Word for word, copy the lines beginning at the one with "Horse Color:Bay Roan Dun" and ending at the last line below; pictures stay out.

Dataset extract START

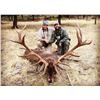 Image 1 : 4-Day Hunt in Spain for Two (2) Hunters for Two (2) Iberian Red Deer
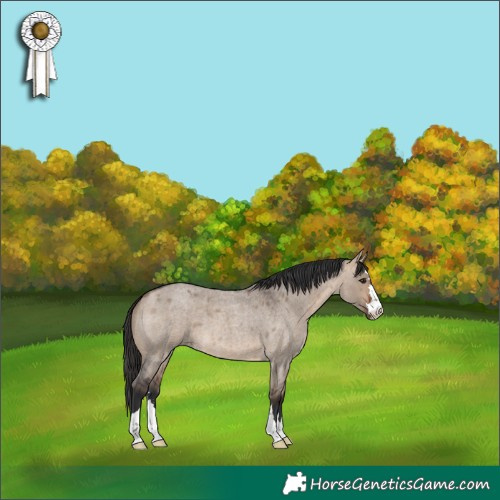 Horse Color:Bay Roan Dun 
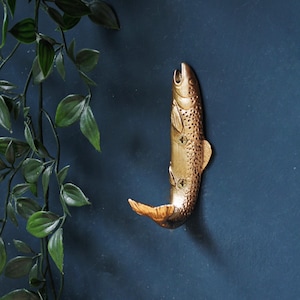 Può includere: Un gancio da parete in metallo color oro a forma di pesce, caratterizzato da squame e pinne dettagliate. Il gancio è montato verticalmente con due viti visibili lungo il corpo, con la coda curva verso l'alto per appendere vari oggetti.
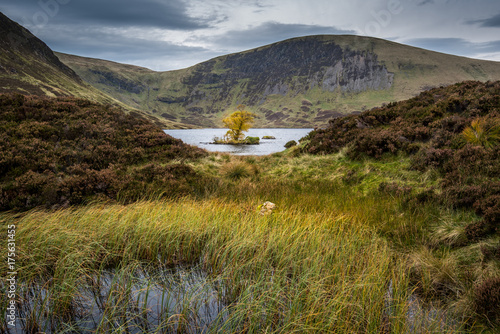 Lone tree in Loch Skeen photo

Dataset extract END

Finished exercise:
 Horse Color:Bay Roan Dun 
 Può includere: Un gancio da parete in metallo color oro a forma di pesce, caratterizzato da squame e pinne dettagliate. Il gancio è montato verticalmente con due viti visibili lungo il corpo, con la coda curva verso l'alto per appendere vari oggetti.
 Lone tree in Loch Skeen photo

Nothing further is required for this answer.